Member of the Nebraska Legislature from the 22nd district
- In office January 8, 1975 – January 5, 1983
- Preceded by: Herb Nore
- Succeeded by: Lee Rupp

Personal details
- Born: December 3, 1934 David City, Nebraska
- Died: September 17, 2018 (aged 83) Columbus, Nebraska
- Party: Republican (until 1981) Democratic (1981–2018)
- Spouse: Judy Kosch ​(m. 1963)​
- Children: 2 (Donald, Anthony)
- Education: University of Nebraska (B.S.)

= Donald Dworak =

American politician (1934–2018)

Donald "Don" N. Dworak (December 3, 1934 – September 17, 2018) was an American politician and insurance executive from Nebraska who served as a member of the Nebraska Legislature from the 22nd district from 1975 to 1983. He was originally elected as a member of the Republican Party, but switched to the Democratic Party in 1981. He later served as director of the Nebraska Department of Economic Development from 1983 to 1985, and as a member of the Nebraska Liquor Commission from 1985 to 1992.

==Early career==
Dvorak was born in 1934 in David City, Nebraska. He graduated from the University of Nebraska, and worked in insurance and real estate.

==Nebraska Legislature==
In 1974, State Senator Herb Nore declined to seek re-election to a fourth term, instead launching a brief campaign for Congress. Dworak ran to succeed him in the 22nd district, which included Blaine, Nance, and Platte counties.

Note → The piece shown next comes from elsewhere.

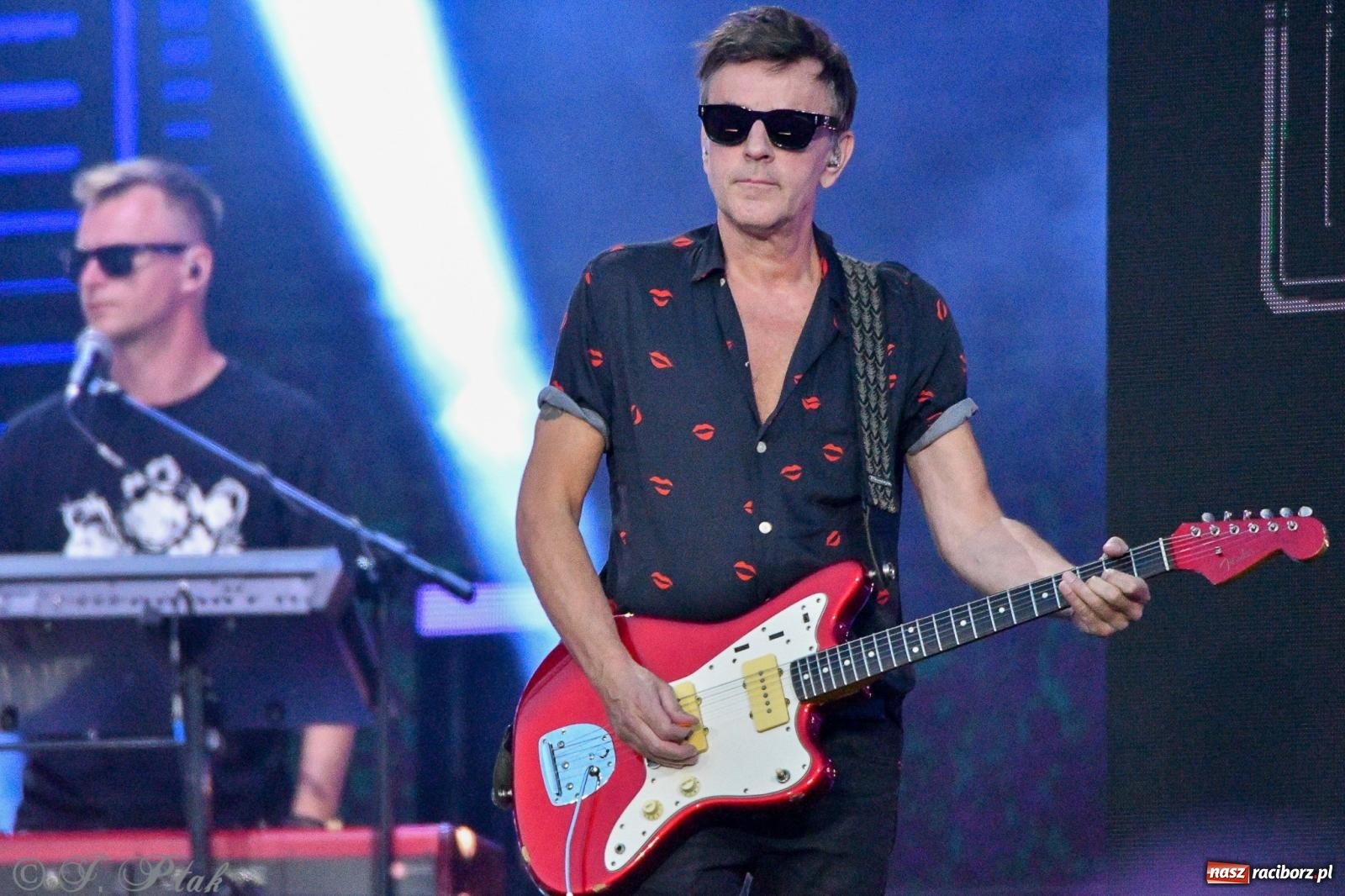 Zdjęcie w galerii na portalu naszraciborz.pl: Wielkie show Telewizji Polskiej w Raciborzu. Te gwiazdy rozgrzały publiczność wiadomości z regionu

In the nonpartisan primary, he faced farmer Kenneth Torczon and Columbus City Councilwoman Everlyn Kusek. In the primary election, Torczon placed first with 43 percent of the vote, Dworak placed second with 42 percent, and they both advanced to the general election. Dworak defeated Torczon in a landslide, winning his first term, 60–40 percent.

During Dworak's first term in the legislature, he sponsored the Nebraska Habitat Stamp Act, which imposed a hunting license fee to fund the acquisition and preservation of new wildlife areas. The Nebraska Wildlife Federation named Dworak the "outstanding conservationist of the year" for his efforts to pass the bill.

In 1978, Dworak considered running for higher office, but ultimately opted to seek a second term in the legislature. He was challenged by Harry Schumacher, an insurance agent. In the primary election, Dworak placed first by a wide margin, receiving 77 percent of the vote to Schumacher's 23 percent. However, on August 22, 1978, Schumacher withdrew from the race, observing that Dworak was "an exceptionally fine competitor that I'm afraid I can't beat." Dworak was re-elected unopposed.

Dworak switched to the Democratic Party in 1981, explaining that "the Nebraska Democratic Party has a broader diversity of people and ideas" and "provides an infinitely broader forum for new ideas and concepts to be openly and freely discussed." Though Dworak's party switch was seen as an effort to seek the Democratic nomination for Governor in 1982, he ultimately declined to run, and did not seek re-election to the legislature.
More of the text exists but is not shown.